Old has become so undesirable that many of the words associated with it are infested with negativity and despair and many South Australians have an irrational fear and an instinctive dislike of old.

We see ageism play out every day in South Australia.

Ageism has so undervalued older people who need support that 10,000 older South Australians wait up to eighteen months for the level of home care package they have been assessed for and hundreds die waiting. This is demeaning and disrespectful. 30 days is a much more reasonable expectation.

Ageism, according to evidence and anecdotes, drives health service decision-making, resulting in both over treatment and undertreatment. The phrase “at your age” is so often attached to decisions to investigate symptoms or to explore treatment options.

Most South Australians were surprised when the Royal Commission uncovered that people living in aged care often do not get the level of health care they need, whether that is oral health care, allied or mental health services, or even access to a GP.

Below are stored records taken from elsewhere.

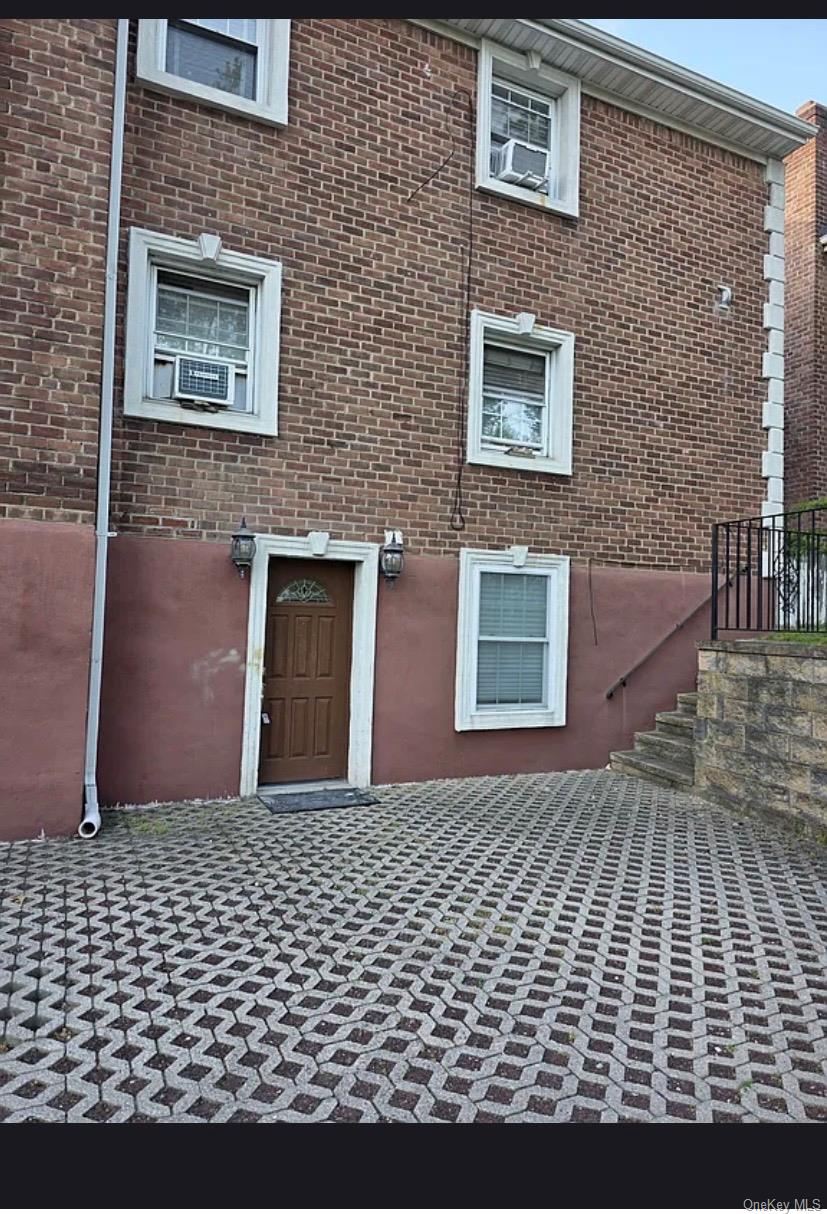 2 Hill Park Avenue, Unit 1A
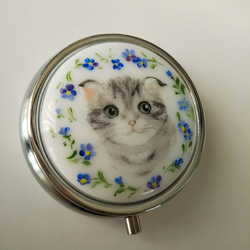 手描き猫のピルケース(忘れな草と耳折れ猫) 2枚目の画像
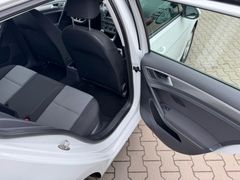 Fahrzeugabbildung Volkswagen Golf VII Lim. Trendline BMT Klima Einparkhilfe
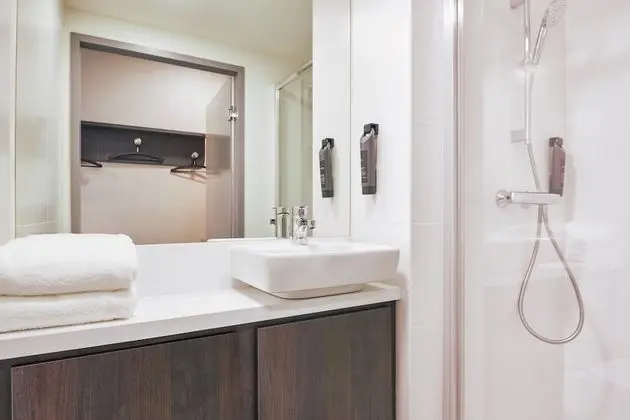 Twin Room with Window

There is plenty of room to improve the relationships between hospital and aged care to prevent unnecessary hospitalisation and to stop what seems to be the disproportionate ramping of older people.

Underlying attitudes and perceptions of older people – ageism – causes us to look away or walk past the serious abuse of safety, rights, and freedoms.

COTA supports the Royal Commission’s call for a better resourced and independent regulator that investigates, enforces and prosecutes breaches of standards, and shuts down substandard operators. Good aged care providers and their outstanding staff – who are deserving of much better recognition and reward – want nothing more than to
lose those aged care providers which let older people down.

Ageism also means we fail to invest in and fund aged care careers adequately. Staff are underpaid, undertrained, and undervalued, and there simply aren’t enough of them. Improved training, pay and numbers of staff is one of the most important reform recommendations in the Royal Commission’s report. It will pay back the investment through improvements in retention, recruitment and quality of service. As the South Australian economy rebuilds from the COVID restrictions of 2020, it is also an important jobs strategy.

Ageing today bears little resemblance to the experience of our parents and grandparents and yet, as a community, we have done very little to re-route the road map we use to age.

Royal Commissions don’t automatically bring about change. Sometimes they do the opposite – they lance a wound, exhaust a community, quell a lobby and palliate bids for justice.

It’s important we don’t allow this to happen in aged care.

There will naturally be tension inside both state and federal governments, between doing the minimum necessary and doing what actually needs to be done.

In the meantime, we, the community of South Australia, can start by confronting our own ageism.

It’s time to take strident action, set high expectations, and use a very loud voice.